Solved – Number of observations in groups – linear mixed effects model

lme4-nlmemixed modelr

I would like to fit linear mixed effects model to my dataset, but I was wondering if quantity of observations in groups matter? I have some groups with about 60 observations in each, but there are also some with only 1, so Im curious if there will be any influence on my linear mixed effects model because of that.

Thanks in advance

Best Answer

No, it will not be a strong influence. Using the standard LME model where $y \sim N(X\beta, ZDZ^T + \sigma^2 I)$ if one assumes a degenerate case for an LME where you have an equal number of observations and groups (let's say under a "simple" clustering, no crossed or nested effects etc.) then all your sample variance would moved in the $D$ matrix, and $\sigma^2$ should be zero. The problem will be that you will have as many parameters as data in a liner model. You have an over-parametrized model; therefore regression will a bit nonsensical. Issues of identifiability will also arise.

Luckily you are not in this case. That means that in most cases you can achieve separation of variance as you have "enough realizations" from each group. I would suggest trying to fit your model with and without the single-observation groups; you should see negligible difference in the estimated variance parameters. If not question what is going on to the single-observation groups. Are they sensible? What caused a single observation to be retained (machine failure? difficult of measurement? rarity? etc.)

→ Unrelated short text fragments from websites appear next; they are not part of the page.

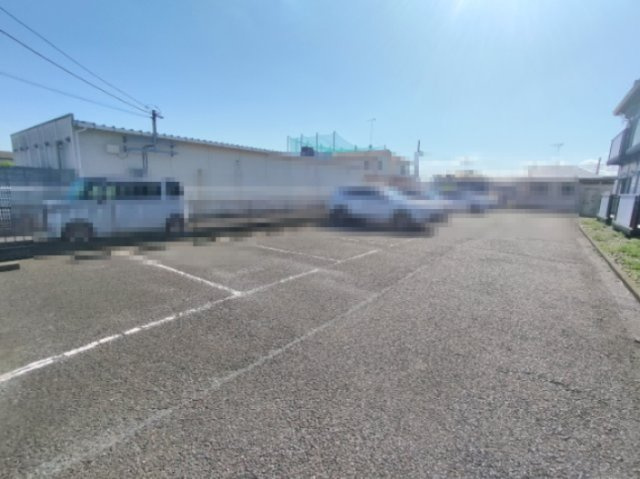 イーストヒルズの駐車場|駐車場があるので、車を買う予定の方も安心です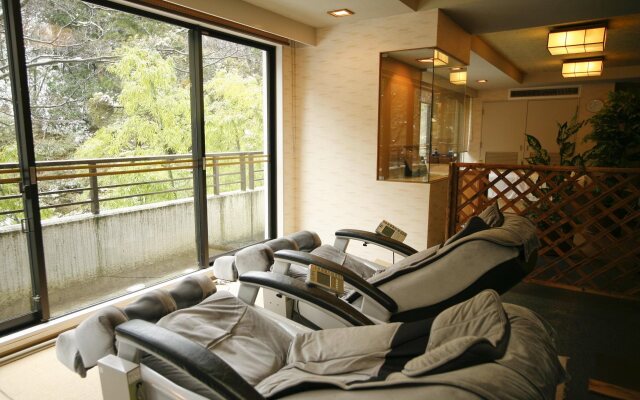 Royal Hotel YAMANAKA ONSEN KAJIKASO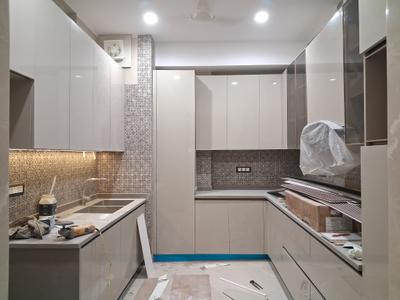 Kitchen Image of 1800 Sq.ft 3 BHK Builder Floor for sale in Kirti Nagar New Delhi for Rs. 40000000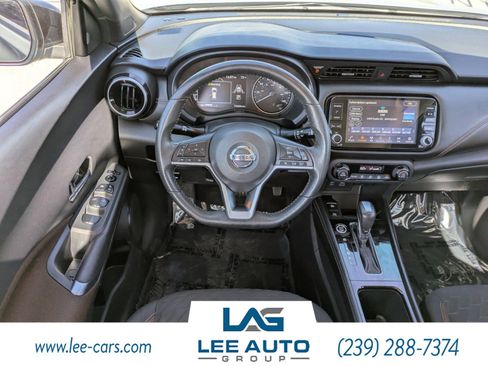 Used 2021 Nissan Kicks SR image 13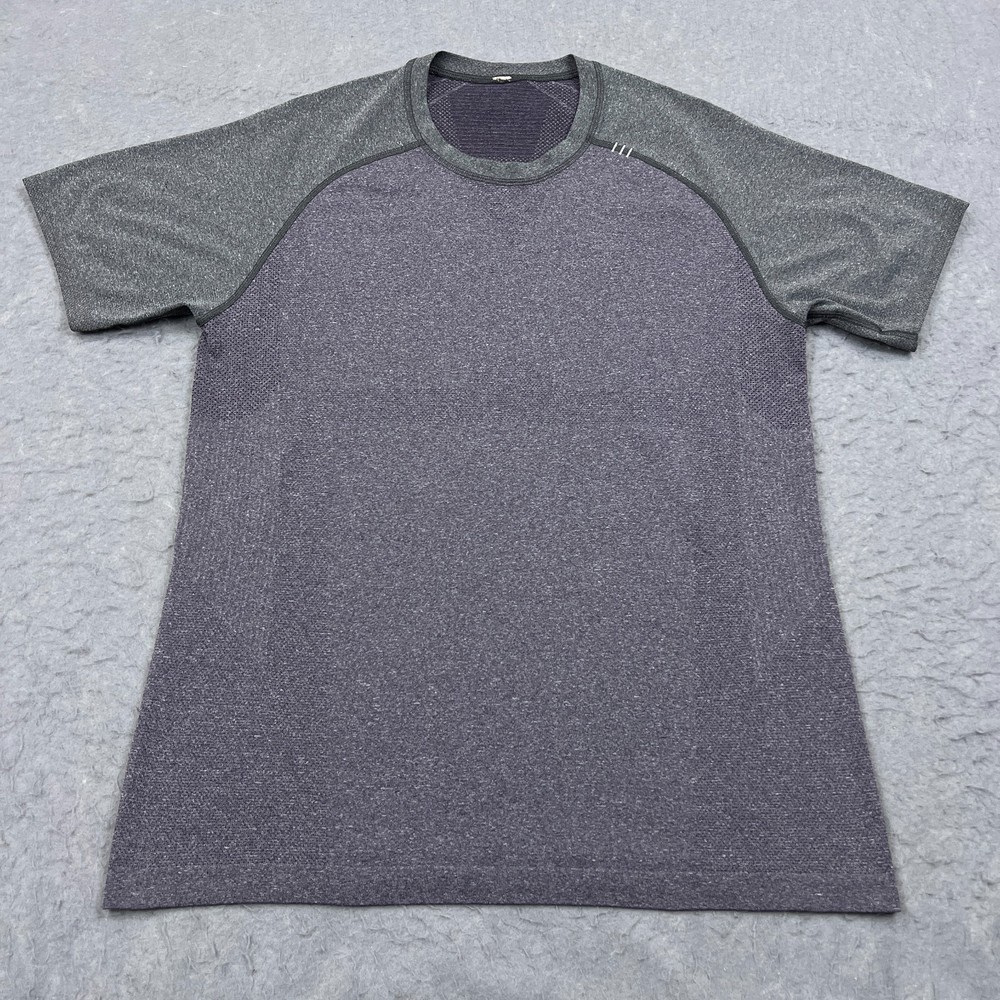 Lululemon Metal Vent Breathe Short Sleeve Shirt Medium Gray Silverescent M3AKTS*
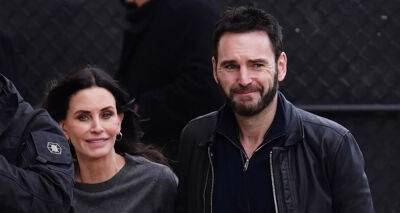 Courteney Cox & Longtime Love Johnny McDaid Hold Hands While Arriving at 'Jimmy Kimmel Live!' Taping - www.justjared.com - Centre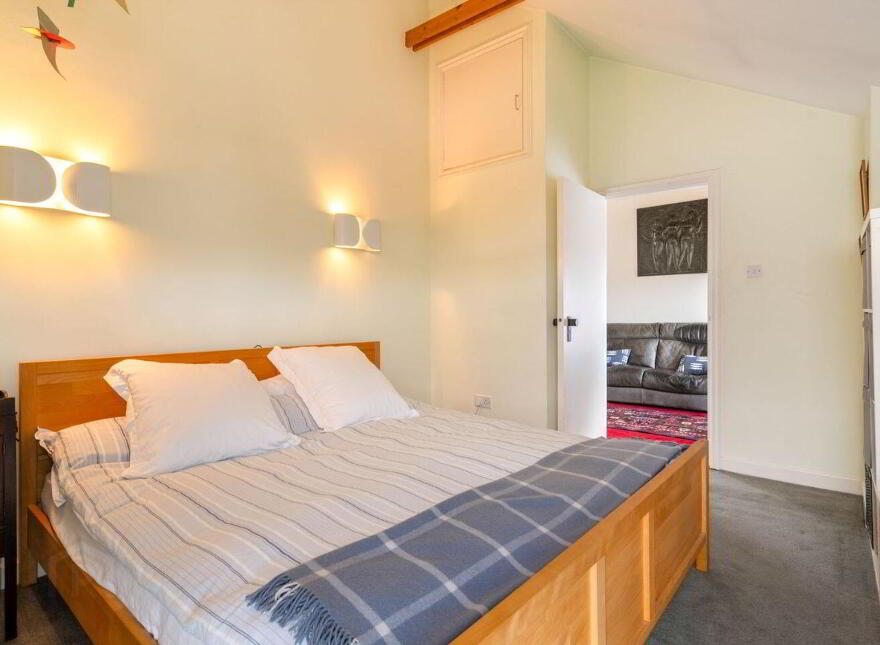 Windward, Sandycove Point, Sandycove, A96YD90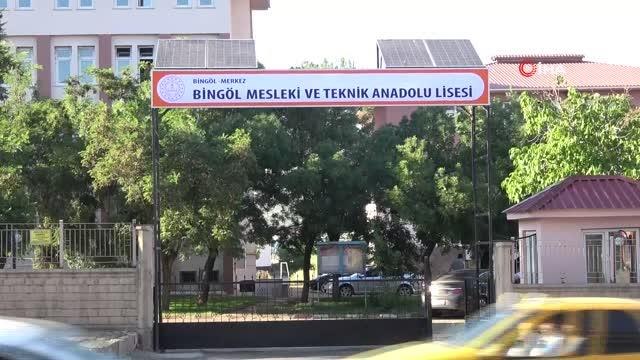 Güneş enerjisi ve kendi yazılımlarıyla okul giriş kapısını otomatik yaptılar
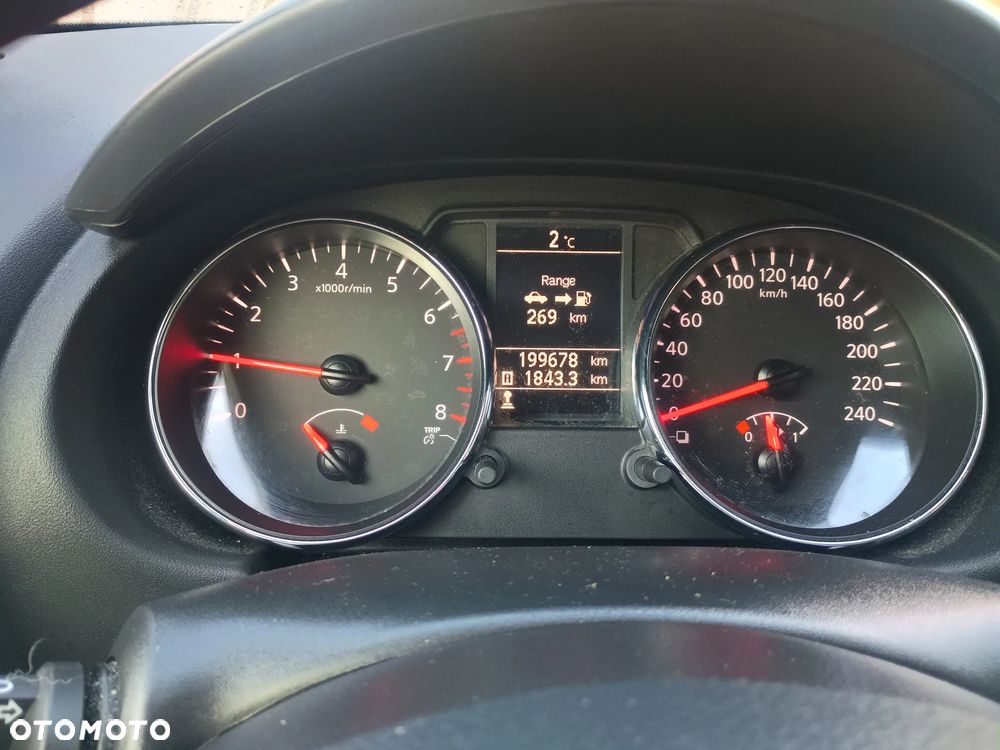 Nissan Qashqai - 24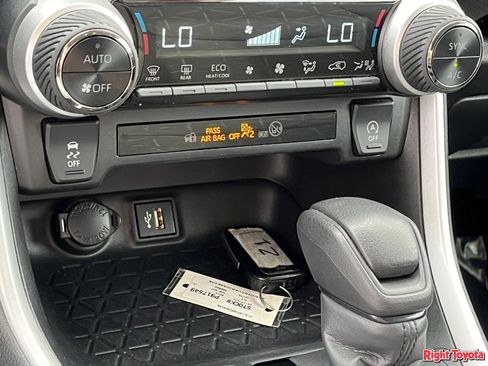 Certified 2024 Toyota RAV4 XLE FWD image 30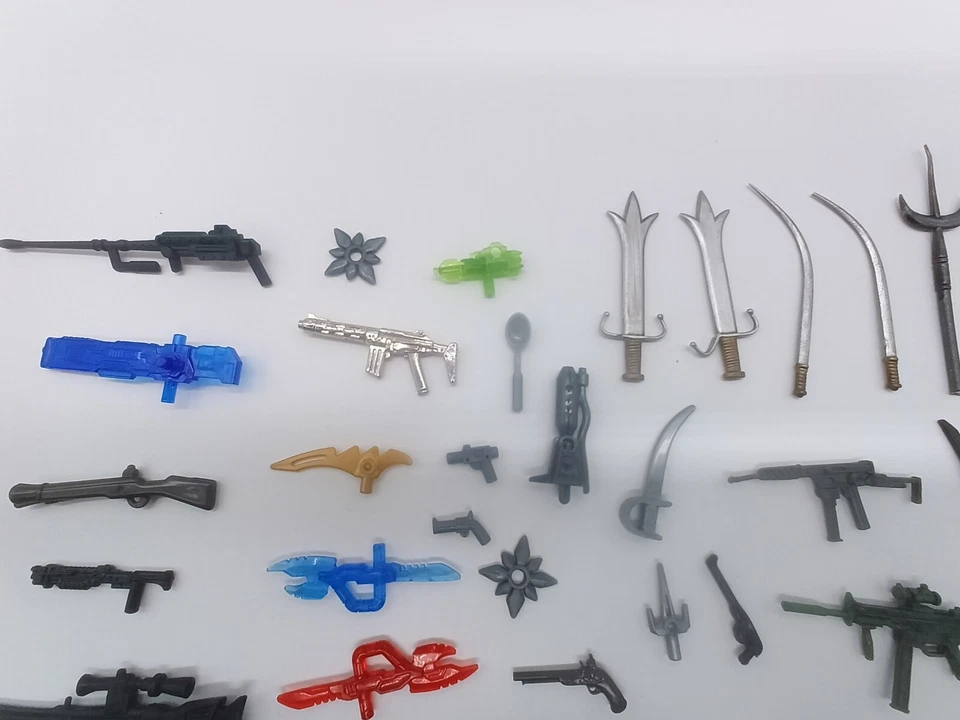 Lote de figuras de acción aleatorias de juguete y accesorios armas Imaginext Rangers Super Hero Foto 3 de 4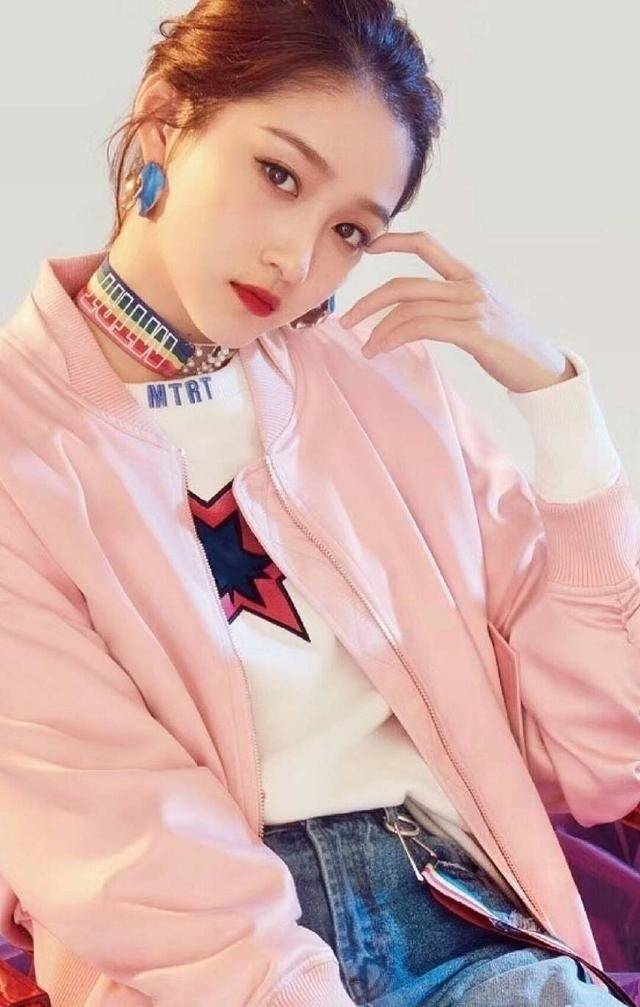 满分|网友偶遇关晓彤逛街，黑丝大长腿性感满分，穿搭和杨幂越来越像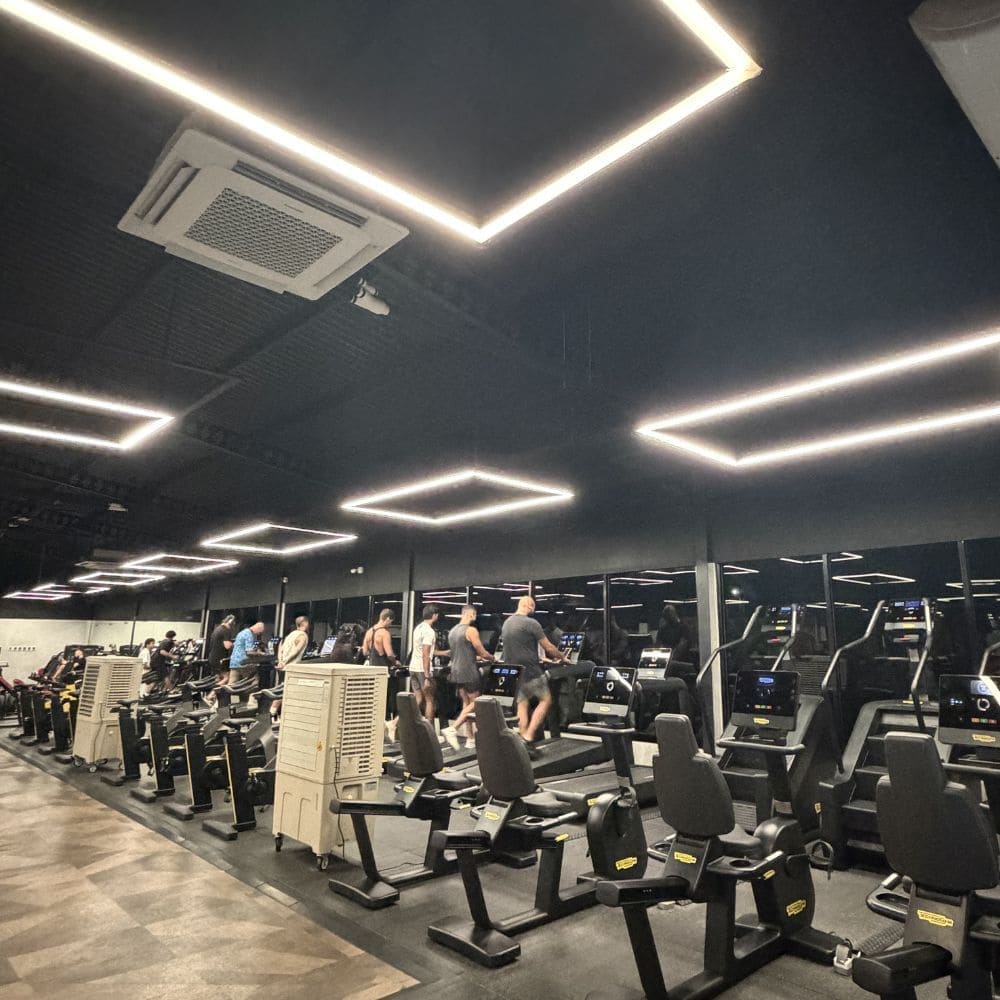 발리 짱구 헬스장 추천 - OBSIDIAN GYM BALI 헬스장 내부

In general single-observation groups tend to be a bit messy; to quote D.Bates from the r-sig-mixed-models mailing list:

I think you will find that there is very little difference in the model fits whether you include or exclude the single-observation groups. Try it and see.

(What I am commenting on are LME models, for GLME models the concept of over-dispersion comes into play and then single observation groups are not "as problematic as" in an LME model.)